What she realized was that what she heard depended entirely on how she was feeling at that exact moment.
It was simultaneously obvious, and profound, and completely robbed her of the rest of her sleep. Fortunately, she had already declined a shift for the next day; otherwise, she’d have had to accept a demerit for skipping, or risk doing a shift muzzy-headed, and making a mistake that would earn her demerits anyway.
Instead, she spent her muzzy-headed day drifting around the City, listening. She’d stop at a cafe---the City was not entirely without its comforts---and listen to the conversations. She walked through parks and down crowded streets and just listened to the sounds of people doing their thing.
Over and under and through it all, the sounds of steam pushing pistons, driving gears, turning shafts. A hum and thrum and sometimes clank and thump.
And motion. Most people never talked about it, but she could feel it, today, the slow crawl in a particular direction, as the great machine grumbled and growled its way over a landscape nobody ever thought about.
On a whim, she let herself be drawn to one of the City’s edges. The streets were all arrayed to discourage this, to keep people focused inward, on the City itself. But it was not actually forbidden, and so, she went, doing her best not to seem like she was doing it with any purpose, in case anyone might be paying attention. Her mother had just died, after all, in rebellion. Someone might be watching.
(Some time later, Keske realized that nobody had been watching, then; that her mother’s rebellion had barely registered in the minds of the City’s leadership. That was after she had attracted enough attention with her explorations and drive to actually understand the City that she knew what it was like to actually be followed and watched and regularly questioned).
Traffic out on the Perimeter Pathway was thin, as she’d expected. There were no windows at street level, only cryptic signs that said in non-obvious terms that you had reached the outer wall of the City’s habitat.
But there were also doors.
She tried one. Locked.
She tried another one. Locked.
She had all day, so she kept on trying, until, almost half-way around the City from where she’d begun, a door she tried, opened.
On the other side of the door was another walkway, much like hers. For a moment, she thought she was outside, because on the other side of that walkway, she could see something she had never actually seen, but knew must be actual terrain, uneven, wild, green and purple and blue and brown. She had no real words for what she was looking at other than “outside”.
There was, in fact, a transparent wall between her and that outside, which was good, for as she realized much later, the air outside the City was not really safe for people. That was one of the things nobody inside the City really understood any more. The City was not an end, but a means, a place where people who came from somewhere very far away could actually live.

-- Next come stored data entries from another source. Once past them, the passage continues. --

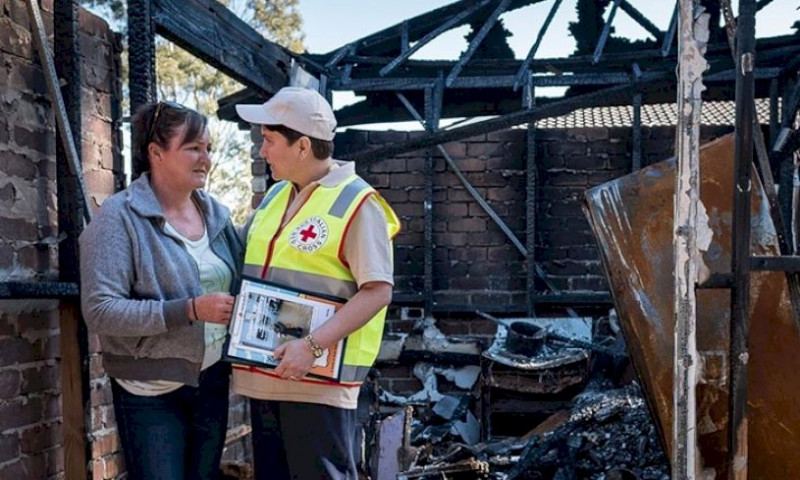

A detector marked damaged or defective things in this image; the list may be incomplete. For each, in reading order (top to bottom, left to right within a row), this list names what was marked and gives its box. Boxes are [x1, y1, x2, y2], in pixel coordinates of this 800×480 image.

charred timber post [128, 0, 156, 179]
charred wooden beam [152, 0, 290, 95]
burnt brick wall [334, 124, 736, 316]
charred timber post [672, 1, 708, 478]
rusted metal sheet [580, 133, 800, 478]
charred timber post [728, 0, 752, 476]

She considered walking the outer walkway, but this had been the only door she’d found unlocked. She didn’t know whether it might lock behind her, and she didn’t know she could find another one unlocked. She didn’t relish starving in this outer space just to satisfy her curiosity. That said, she spent probably a good hour, just watching the outside very slowly slide by, as the City made its crawling way past a...mountain? Was that a mountain? It kind of looked like one, she supposed. There was a picture book when she was very small that had a mountain in it, she remembered.

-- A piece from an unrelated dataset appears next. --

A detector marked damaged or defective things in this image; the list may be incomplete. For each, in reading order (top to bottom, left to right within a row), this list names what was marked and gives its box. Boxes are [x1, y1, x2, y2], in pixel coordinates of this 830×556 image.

Eventually, she went back to the inner Pathway. She carefully closed the door behind her. It did not lock---she tried it several times, opening and closing. Every time, the lever shifted smoothly and the door followed suit. She wondered if the lock were simply broken. She still decided not to risk anything further, today. She drifted her way back home, no more obviously on a particular mission than she had been on her way here, and then, finally, with the image of the outside firmly in her head, fell onto her pallet and slept.